1.トランプ大統領誕生
米国の新しい大統領が、選挙中の公約を次々に実行して、いささか混乱を招いている。目が離せない状況であるが、では選挙中にこうなることを予測した人がいるだろうか。少なくとも、メディアの大半はヒラリー・クリントンが女性初の大統領になると予想していた。しかし、今になって思うとそれは、伝聞に基づいた予測であり、現地調査しているジャーナリストは、ヒラリーへの反発とトランプへの共感の凄まじさに驚いていたようだ。つまり、日本での報道と現場の温度差はかなりあったということ。日本のマスコミも現地での調査を徹底していたら、きっとトランプ大統領誕生を予想できたところもあったに違いない。現地現場を疎かにするとこれだけ結果を見誤るのだ。
2.中国でのデモ
日中関係が悪化して久しいが、尖閣諸島の問題がクローズアップされていた頃、日本企業の店舗などが破壊され、デモが起こったことがあった。このときも連日テレビでは、その激しいデモの様子が報道され、新聞の写真にもなった。日本人が中国に入国すると大変なことになるのでは、という雰囲気だった。ところが、中国の知り合いに現地の様子を聞いてみると、現地のメディアでは全然放送されておらず、「なにそれ?」という感じだった。現地の中国人とも普通にビジネスをしている様子だった。中国に知り合いの居ない日本人なら、中国ではとんでもない騒ぎになっていると思っていただろう。しかし、現地の様子を確認すると、全然違うことがわかるのだ。
3.異常気象の報道
今年の冬も異常気象は続いている。新潟で雪が降ってニュースになるぐらいだから、少ない時と多い時の格差が大きい。
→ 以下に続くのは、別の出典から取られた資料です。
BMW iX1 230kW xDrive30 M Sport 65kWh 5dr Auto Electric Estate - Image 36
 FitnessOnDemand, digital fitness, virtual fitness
しかし、豪雪地帯で雪が降って「大変ですねぇ」とインタビューされても答えようがない。普段降らない新潟市内でも10センチ近い降雪だったが、それも最近の傾向としては慣れっこになっている。これらの情報が全国ニュースで映像として流れると、「新潟が大変なことになっている」となってしまう。確かに都心に住んでいる人からすると積雪が1メートル以上の映像はインパクトがある。事実ではあるが、現地で感じるものは別だ。テレビや新聞は確かに一面を切り取って伝えてはくれる。しかし、それでは本質は見えない。実際の企業で起こっていることも同様である。組織が大きくなればなるほど、本質は見えなくなる。自分の目に映っているものは真実なのか、今一度検証する必要がある。